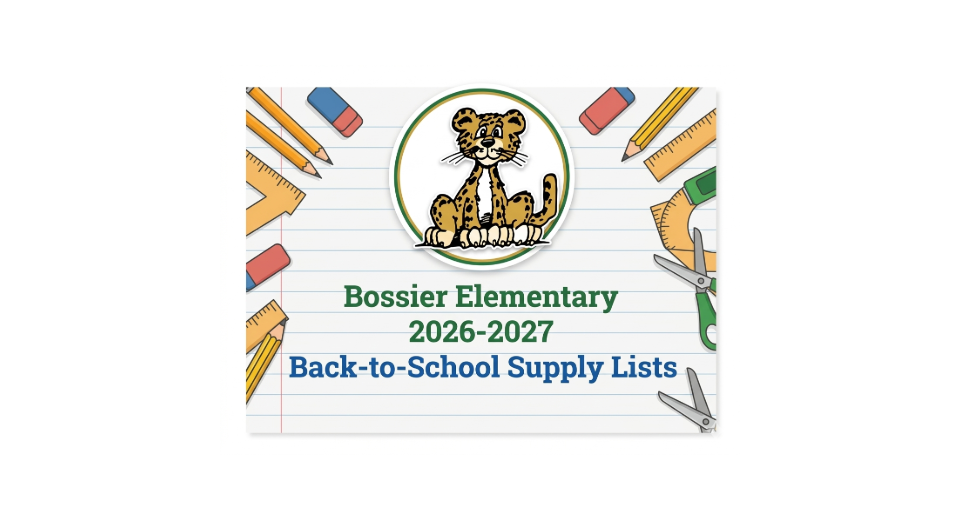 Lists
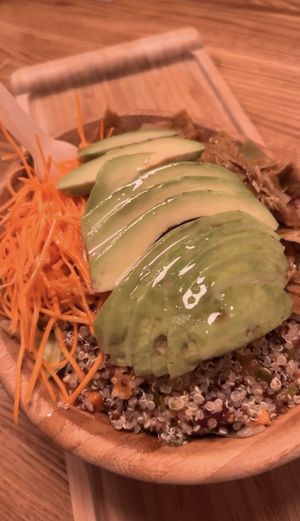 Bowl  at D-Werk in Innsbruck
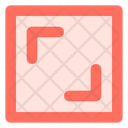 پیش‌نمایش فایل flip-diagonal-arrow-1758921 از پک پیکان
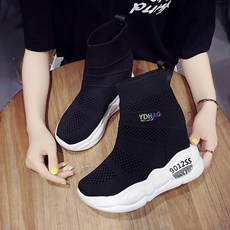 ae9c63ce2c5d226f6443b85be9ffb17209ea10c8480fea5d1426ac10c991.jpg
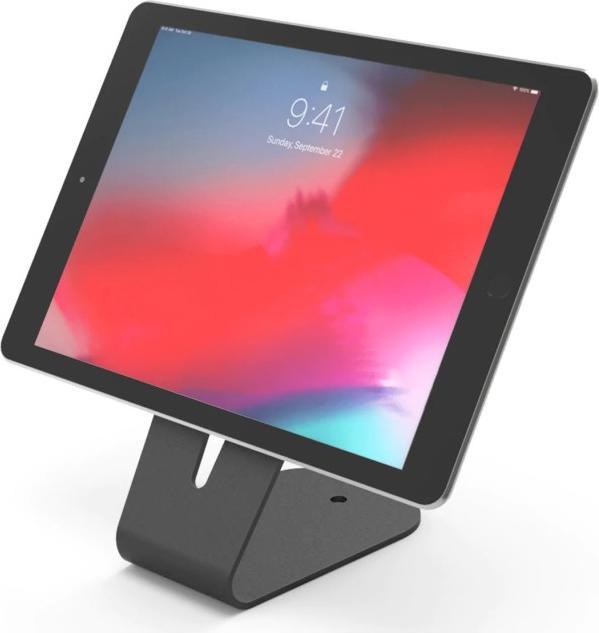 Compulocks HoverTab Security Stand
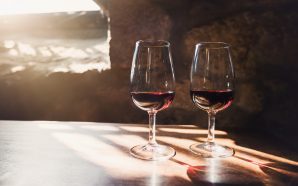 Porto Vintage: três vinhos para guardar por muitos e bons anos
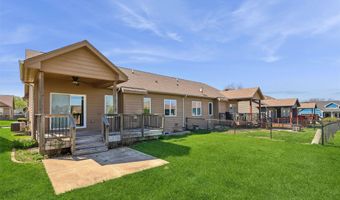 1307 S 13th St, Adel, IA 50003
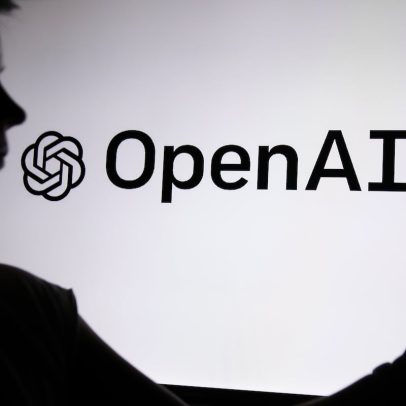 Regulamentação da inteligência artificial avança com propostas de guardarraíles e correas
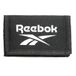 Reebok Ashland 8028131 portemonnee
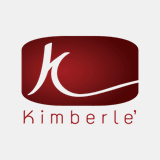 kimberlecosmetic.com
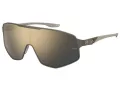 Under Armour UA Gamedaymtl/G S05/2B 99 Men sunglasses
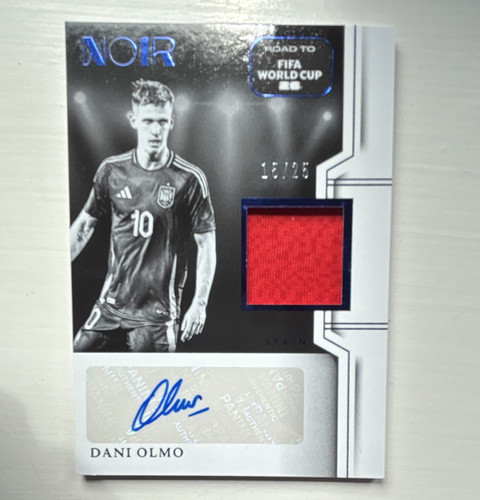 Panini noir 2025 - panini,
◇ ◇ ◇ ◇ ◇
TASK INSTRUCTIONS: Starting with the line that contains "Under Armour UA", reproduce every line to the end of the material above, both end lines included, exactly and with no pictures.

TASK RESULT:
 Under Armour UA Gamedaymtl/G S05/2B 99 Men sunglasses
 Panini noir 2025 - panini,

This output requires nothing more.